Think about it. Car phones.
This year, I’ve tried to create a learning environment with two foci: alteration and perpetuity – in short, we are changing and adaptable, and expect more of the same tomorrow.
I teach in a school where the majority of students receive free or reduced-price meals, where more students than ever before are homeless or transitioning between homes, and an age group where life is a rollercoaster experience, whether or not one buys a ticket. Their lives are anything but static, and I admit to having an ulterior motive. If we can all be more comfortable with shifting, with trying again and moving forward, with the thought that every day can be better than the one before, then aren’t we increasingly ready to handle what comes our way in general?
In science we talk about prototypes, often in the form of models. Models help us to better understand science phenomena and help us solve problems for sometimes intangible concepts. How do we represent an idea that’s really big? Really small? An idea we don’t fully understand? Models helped me teach the Big Bang, glacial calving, and contagions, and each in its way was a prototype for next year’s work. As a teacher, I cyclically reflect on each year and consider how to build a better instructional model for the next. I’m building a career on prototypes, so to speak.

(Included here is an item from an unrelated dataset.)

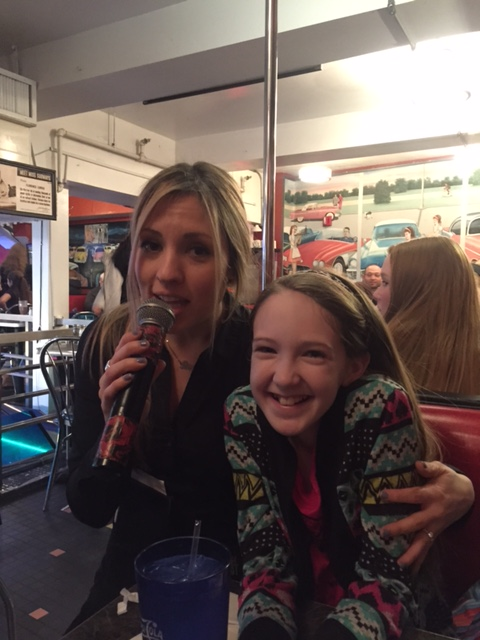 New york city-broadway-ellen's stardust diner-waiter singing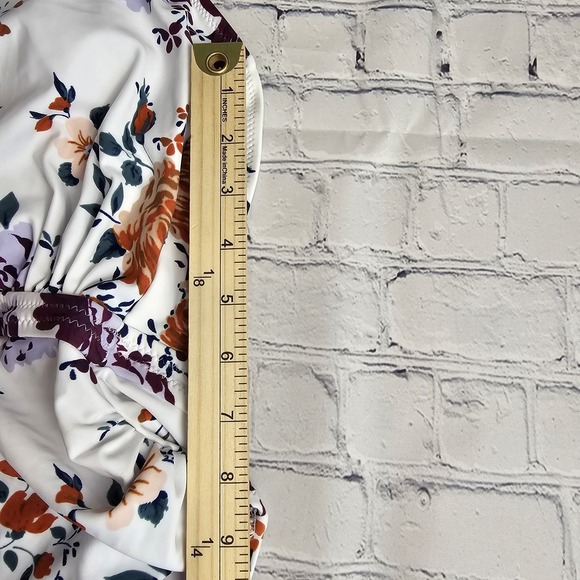 Cupshe Swimwear Size Small White One Piece Halter Plunge Flower Open Back Flawed - Picture 11 of 13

To assist in bringing that concept to students, to make it a commonplace part of their learning process, I’ve catalogued a few moves that helped build a culture where evaluation and recreation are the norm:
- I change our seating, often. Students rarely sit in one spot for more than a couple weeks, and the tables change formation just as often. The furniture I have isn’t flexible but the way I use it certainly is. What at the beginning of the year was upheaval is now just Tuesday.
- Asking, “and now?” when they share. There are many buildable questions from which to choose, such as “what about this?, “then what happened?” and even the simple “why?” I like asking what’s next in their perspectiveas it pops the ball right into their court of ownership. That question asks students to share their foresight, and often, how they are planning to get there. This means the aforementioned conversation shifts to:
Student: Can’t I just turn this in? I just want to be done.
Teacher: And now?
Student: And now I’m thinking that I need to go back over it.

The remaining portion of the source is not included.